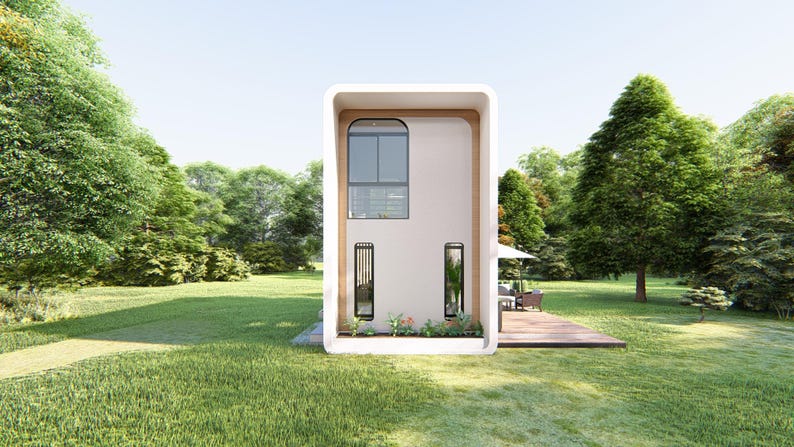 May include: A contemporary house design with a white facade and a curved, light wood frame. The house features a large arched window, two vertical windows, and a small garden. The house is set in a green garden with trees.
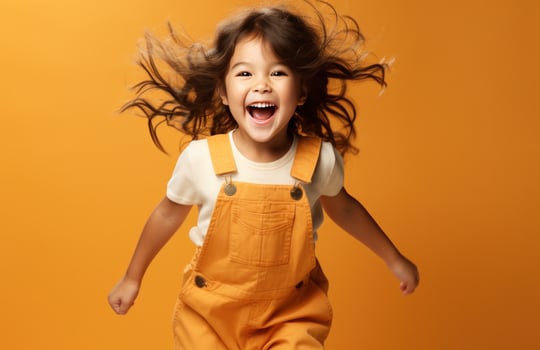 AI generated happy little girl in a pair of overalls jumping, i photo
┄┄┄┄┄┄
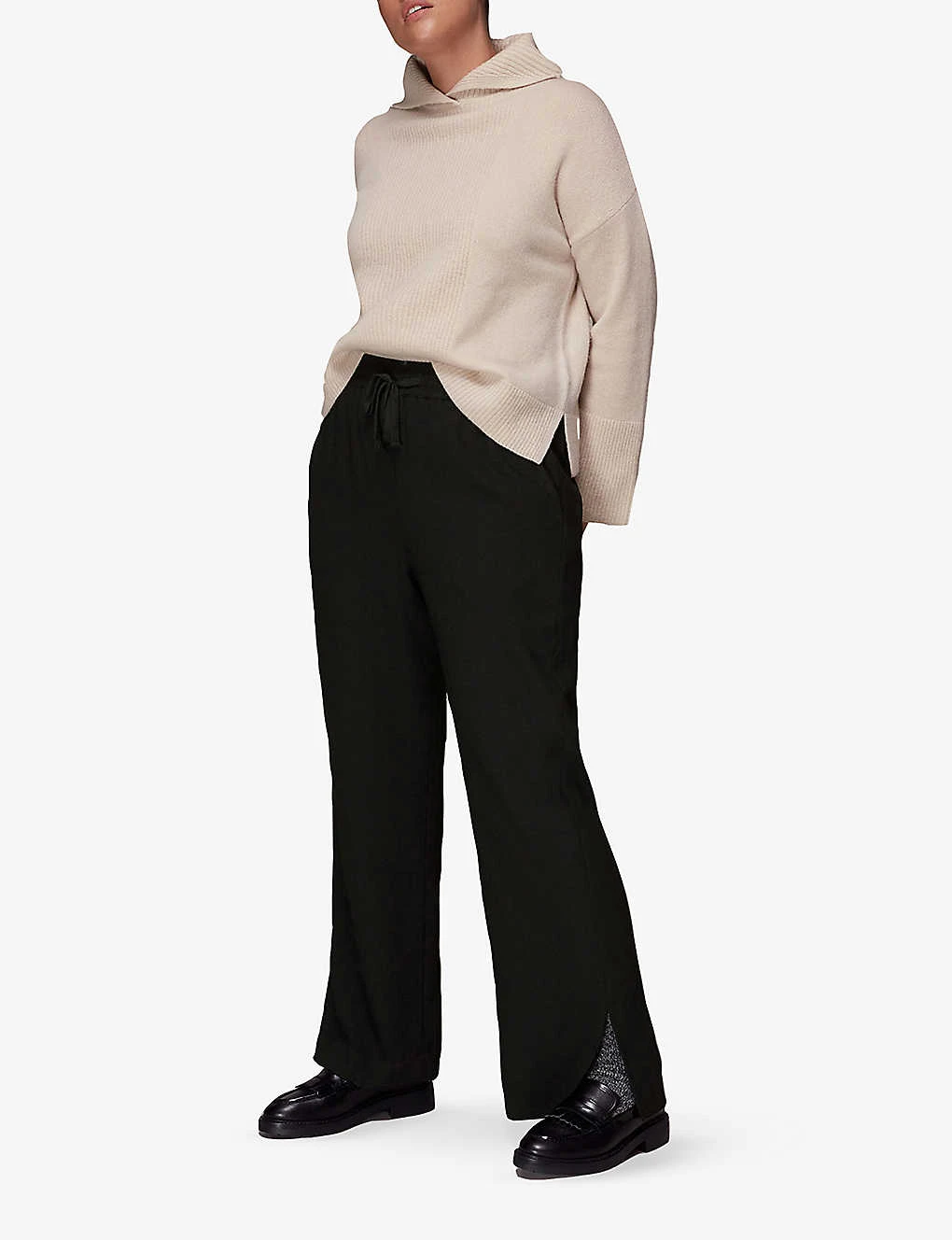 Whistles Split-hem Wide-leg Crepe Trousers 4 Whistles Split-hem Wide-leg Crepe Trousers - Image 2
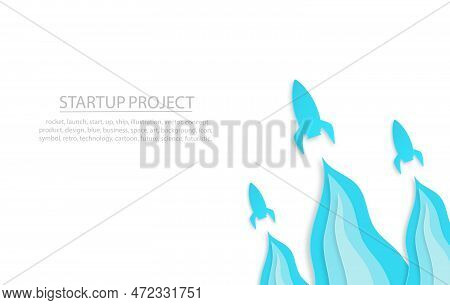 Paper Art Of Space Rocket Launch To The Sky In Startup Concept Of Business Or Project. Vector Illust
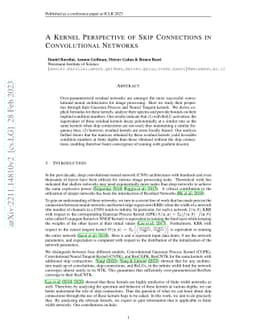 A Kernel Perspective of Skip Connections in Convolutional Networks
┄┄┄┄┄┄
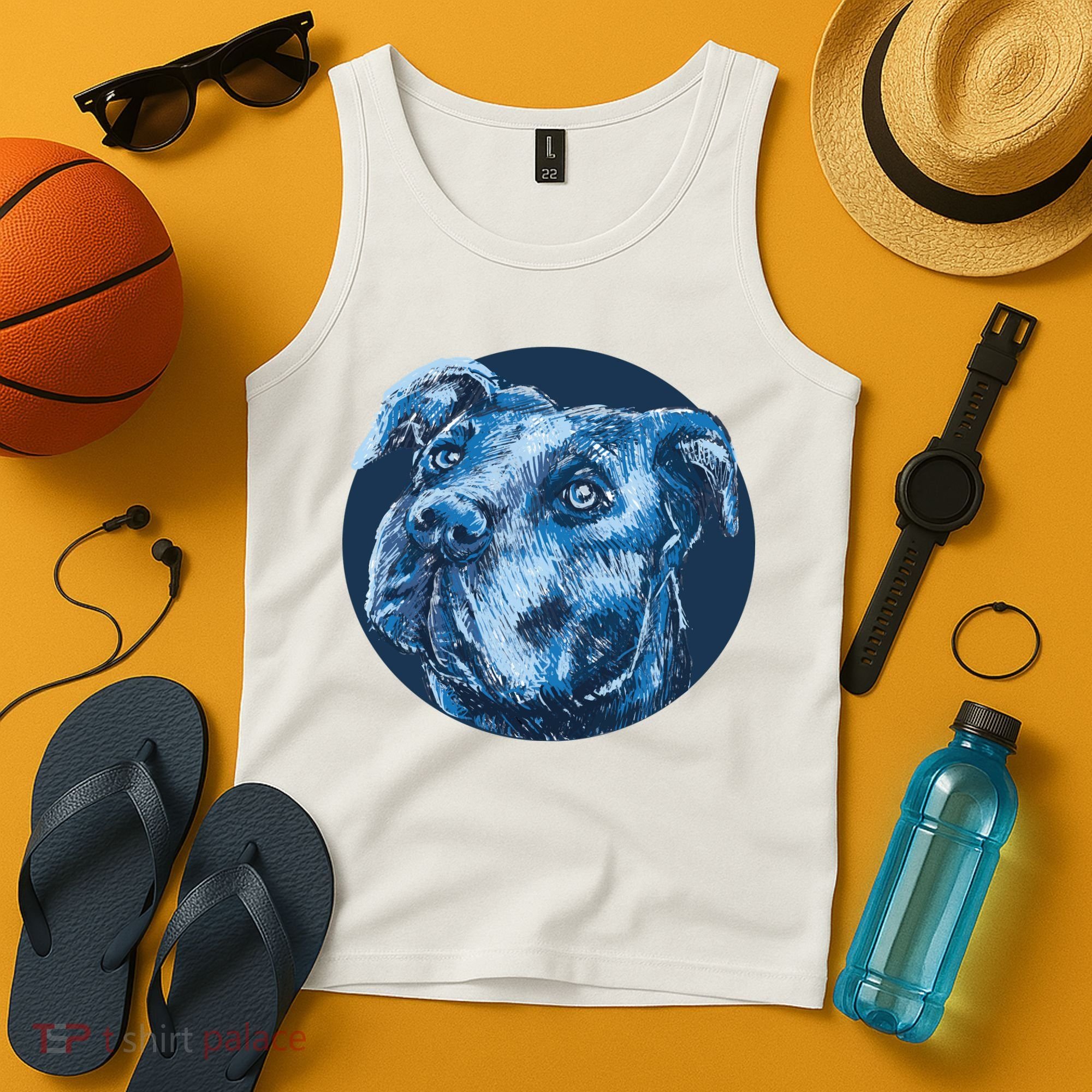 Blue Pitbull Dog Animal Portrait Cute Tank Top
┄┄┄┄┄┄
▶ WHAT THE TASK REQUIRES
Start at the line containing "Whistles Split-hem Wide-leg Crepe Trousers 4" above and stop at the line containing "A Kernel Perspective". Output those lines exactly, both included, but none of the pictures.

▶ ANSWER FOR THIS EXERCISE
 Whistles Split-hem Wide-leg Crepe Trousers 4 Whistles Split-hem Wide-leg Crepe Trousers - Image 2
 Paper Art Of Space Rocket Launch To The Sky In Startup Concept Of Business Or Project. Vector Illust
 A Kernel Perspective of Skip Connections in Convolutional Networks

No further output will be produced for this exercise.